### Source data
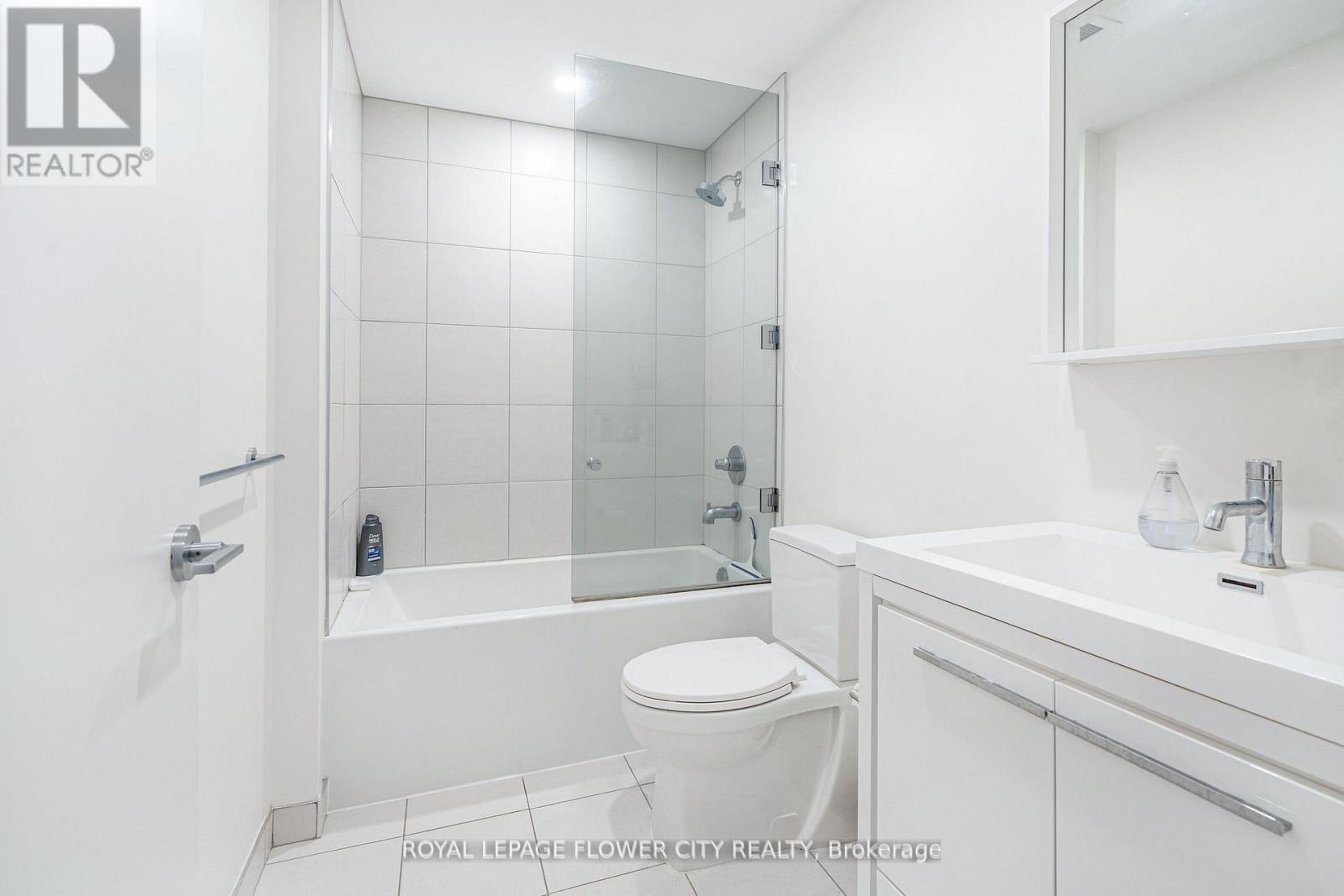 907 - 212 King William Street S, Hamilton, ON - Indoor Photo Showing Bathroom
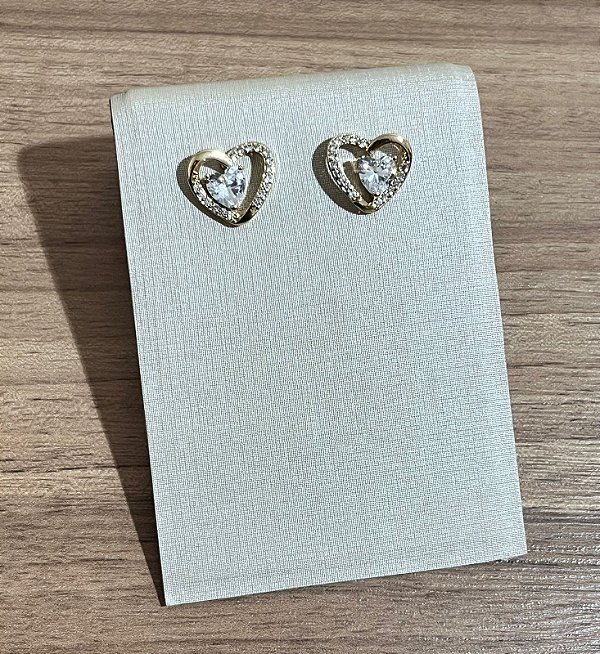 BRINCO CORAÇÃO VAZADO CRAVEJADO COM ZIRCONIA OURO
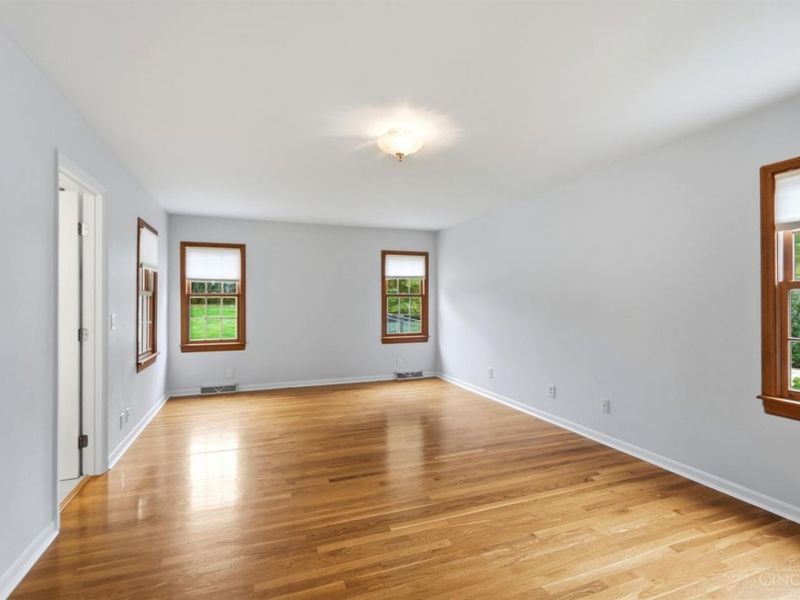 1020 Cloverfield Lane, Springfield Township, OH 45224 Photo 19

### Work item
What is needed here is each line above set down word for word, minus the images.

### Answer to this problem
 907 - 212 King William Street S, Hamilton, ON - Indoor Photo Showing Bathroom
 BRINCO CORAÇÃO VAZADO CRAVEJADO COM ZIRCONIA OURO
 1020 Cloverfield Lane, Springfield Township, OH 45224 Photo 19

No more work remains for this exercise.